/---

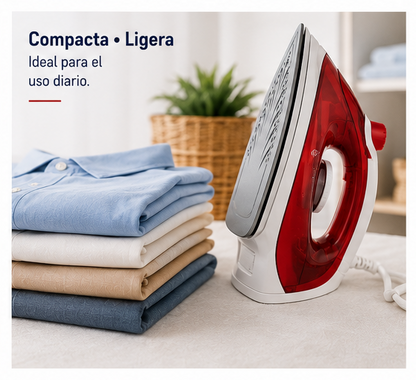 Plancha de Vapor Oster GCSTBS5004 Compacta 1400W Suela Antiadherente Cable Giratorio 360°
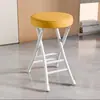Silla plegable al por mayor Silla con respaldo Silla para el hogar Silla de comedor portátil Silla para dormitorio universitario Silla plegable redonda de ocio para balcón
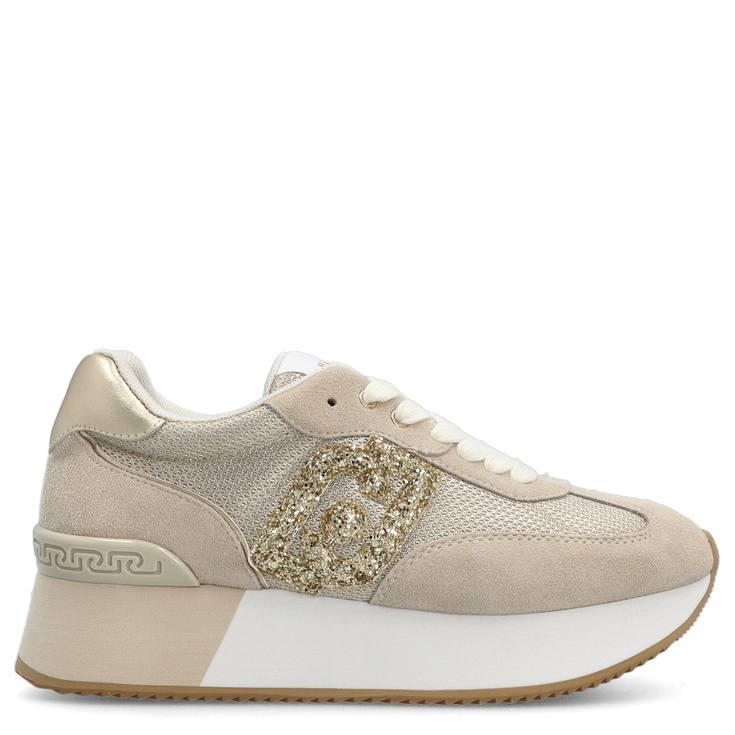 Sneakersy premium  - LIU JO DREAMY 02 BEŻOWE
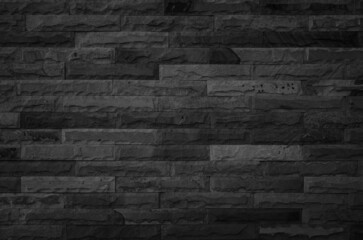 Abstract dark brick wall texture background pattern, Empty brick wall  surface texture. 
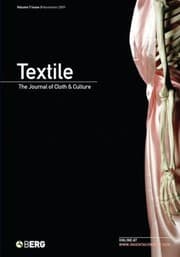 Tapa de Textile Volume 7 Issue 3
Textile Journal of Cloth Culture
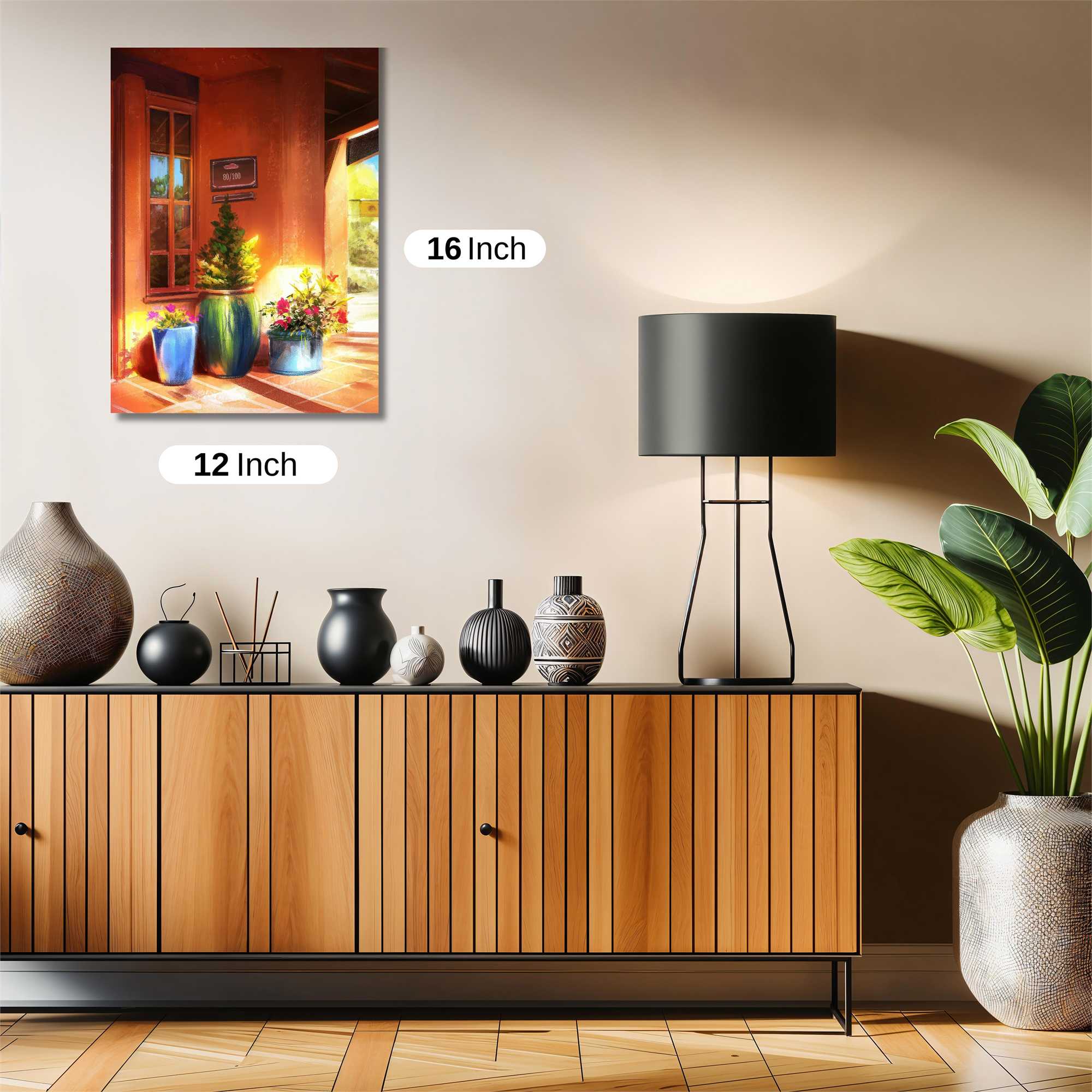 Sunlit Serenity Safe Wall Magnetic / M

\---

Exercise: Repeat all of the material above exactly, leaving out pictures.

Answer to this exercise:
 Plancha de Vapor Oster GCSTBS5004 Compacta 1400W Suela Antiadherente Cable Giratorio 360°
Silla plegable al por mayor Silla con respaldo Silla para el hogar Silla de comedor portátil Silla para dormitorio universitario Silla plegable redonda de ocio para balcón
 Sneakersy premium  - LIU JO DREAMY 02 BEŻOWE
 Abstract dark brick wall texture background pattern, Empty brick wall  surface texture. 
 Tapa de Textile Volume 7 Issue 3
Textile Journal of Cloth Culture
 Sunlit Serenity Safe Wall Magnetic / M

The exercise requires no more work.